Ever wonder why those builds on Instagram look silky smooth while yours is covered in little bumps and white marks from cutting parts off the runner? Let's be honest - those competition-level builds represent days, weeks, sometimes months of cleaning, modifying, painting, more cleaning, more modifying, more painting, and finally a $1,500 camera setup to make it all look even better. But here's the thing: if you strip away the painting, the modification, and the expensive photography, the gap between your build and theirs starts with something surprisingly simple - how you handle your nubs.
Learning how to remove nubs from Gunpla cleanly is the single most important skill you'll develop as a builder. It's not hard. It just takes the right tools, the right technique, and a little patience.

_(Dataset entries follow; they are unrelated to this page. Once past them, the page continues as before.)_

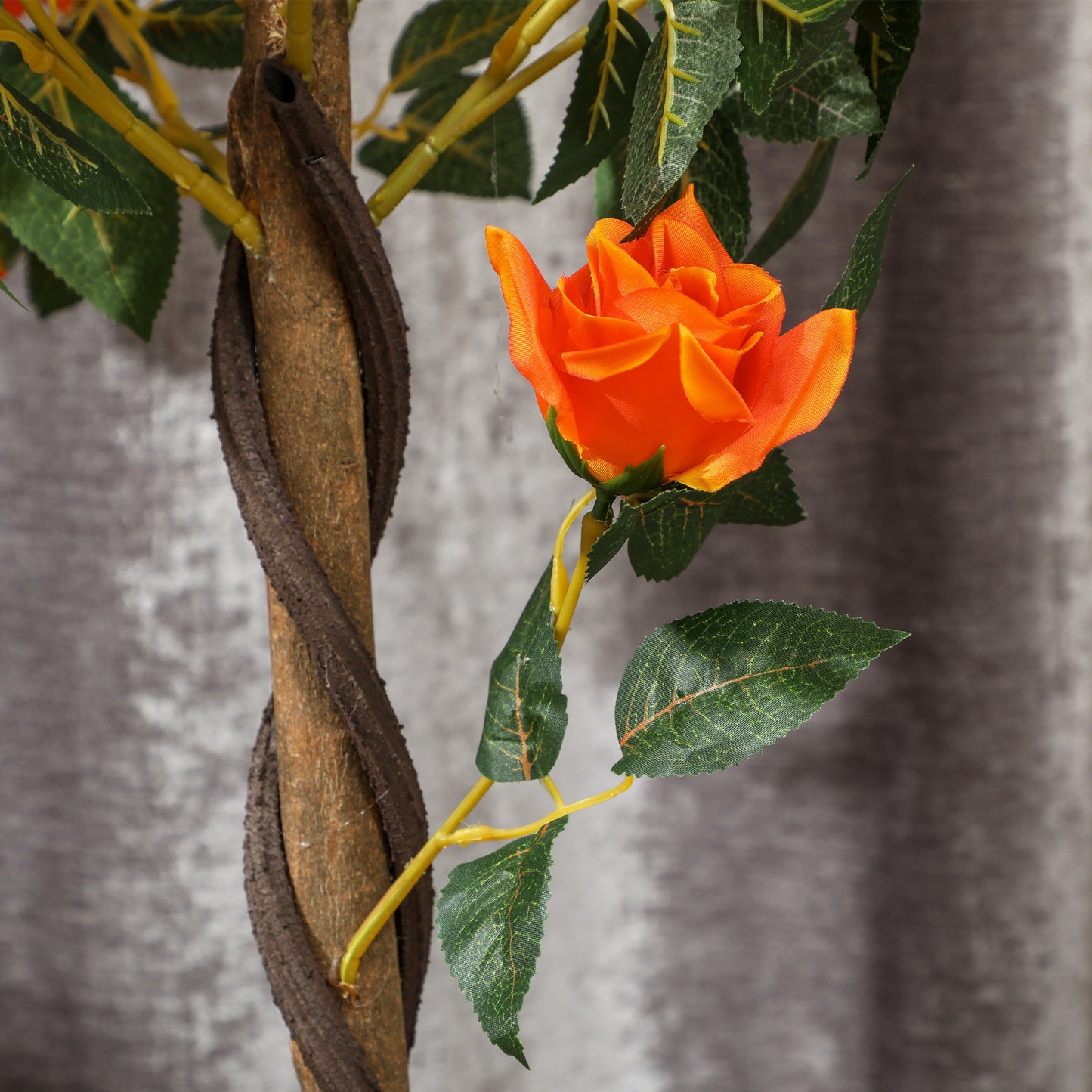 Outsunny Set of 2 Artificial Plants White Rose Floral in Pot, Fake Plants for Home Indoor Decor, 90cm, Orange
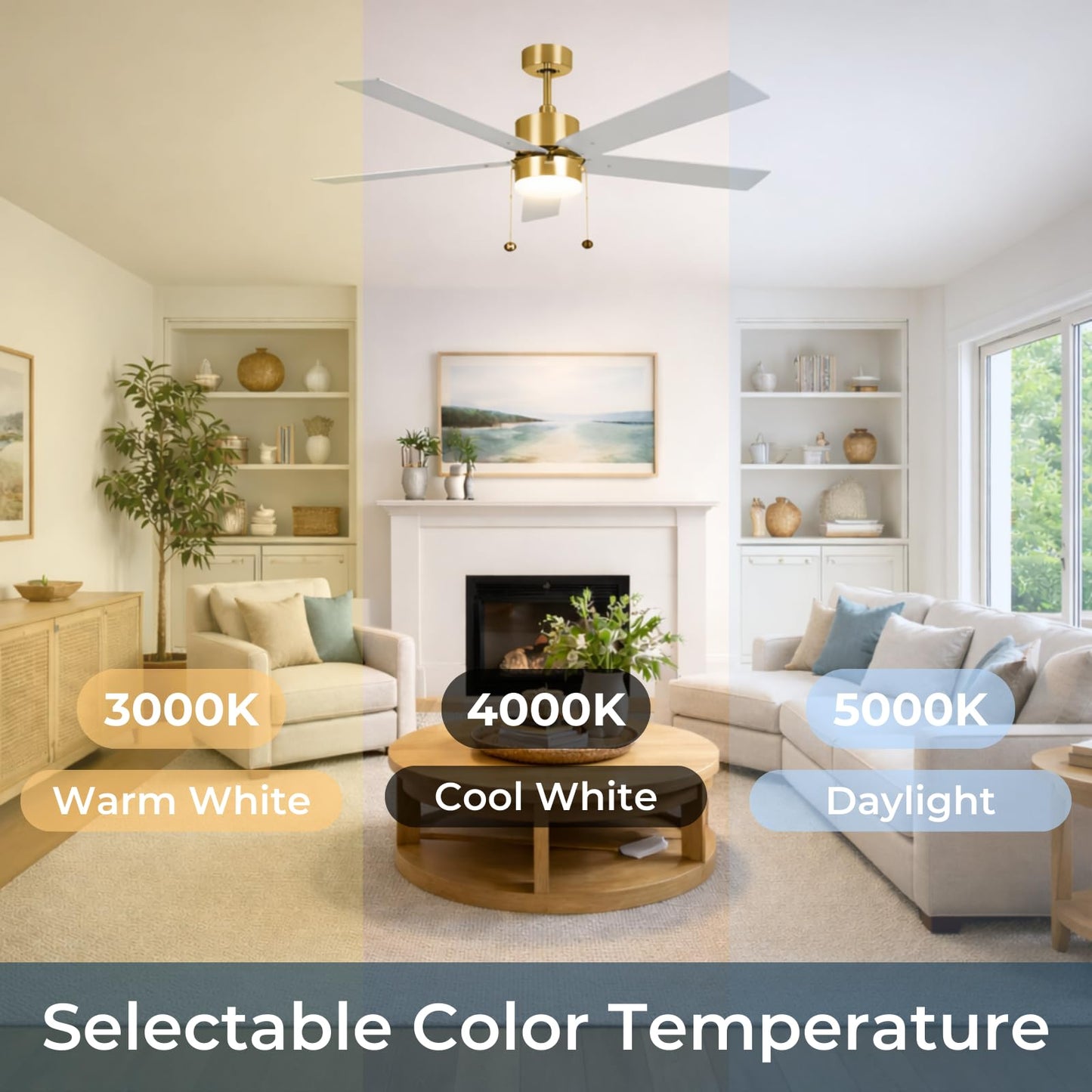 HOMEnhancements 52 Inch Ceiling Fan with Light Modern Champagne Gold Ceiling Fan with Pull Chain for Bedroom Living Room 3 Color Temprature LED Light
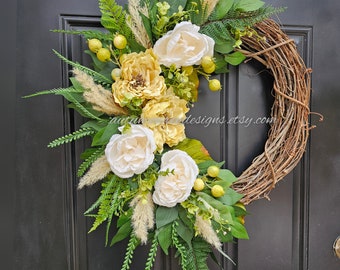 LARGE Neutral Wreath for Door, Cream White Decor, Eucalyptus Wreath,  Peony Wreath with Eucalyptus, Gift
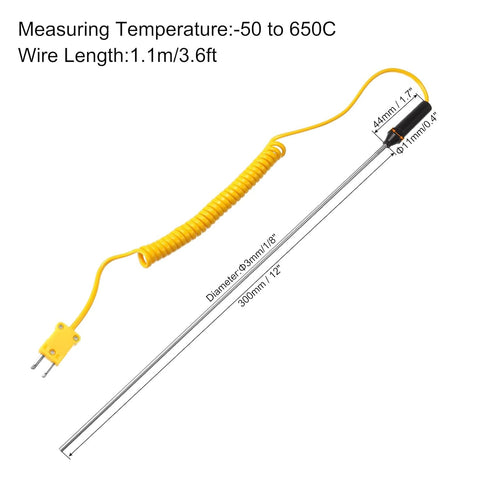 Surface Thermocouple 12" Probe K Type Yellow Coiled Wire -50 to 650C for Temperature Sensor Measurement - MECCANIXITY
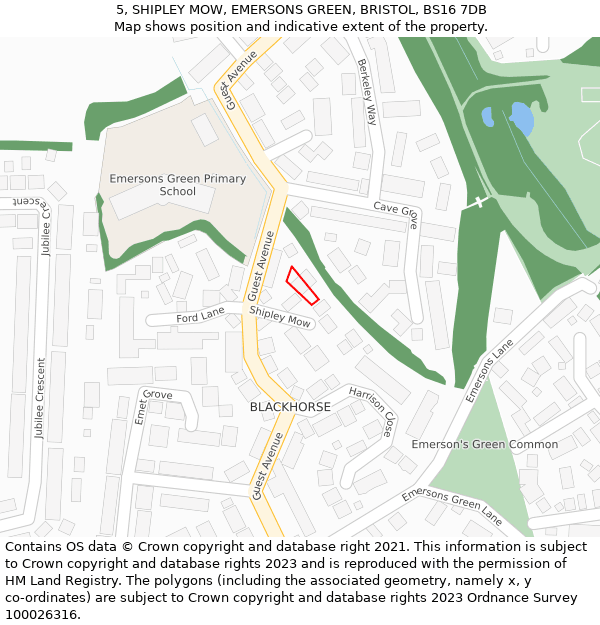 5, SHIPLEY MOW, EMERSONS GREEN, BRISTOL, BS16 7DB: Location map and indicative extent of plot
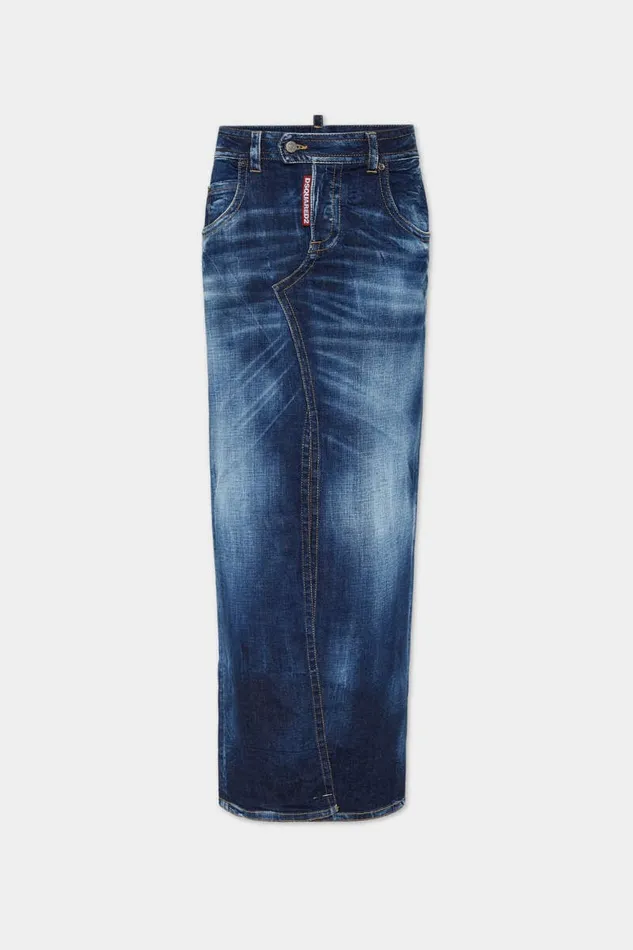 Dsquared2 Skirts Medium Wash Front Split Jean Skirt Navy 8211 Women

What Are Nubs (and Why Should You Care)?
Nubs are the small bits of plastic left on a part after you cut it from the runner - the plastic frame that holds all the parts in a Gunpla kit. During injection molding, liquid plastic flows through channels called gates to fill the mold cavities that form each part. When you clip a part off the runner, you're cutting through those gates, and the leftover plastic at the cut point is your nub.
If you leave nubs on your parts, two things happen. First, the kit looks rough. Nubs show up as bumps, ridges, or discolored spots that catch light and draw the eye to exactly the wrong places. Second, and this is the one beginners don't expect, nubs can actually prevent parts from fitting together properly. A nub on a peg or connection point means the part won't seat flush, which leads to gaps, loose joints, and a kit that feels fragile where it shouldn't.
Even if you're building straight out of the box with no painting or customization, clean nub removal makes a noticeable difference in how the finished kit looks and holds together.
Tools You'll Need
You don't need much to get started with gunpla nub removal, but the tools you use matter more than you'd think.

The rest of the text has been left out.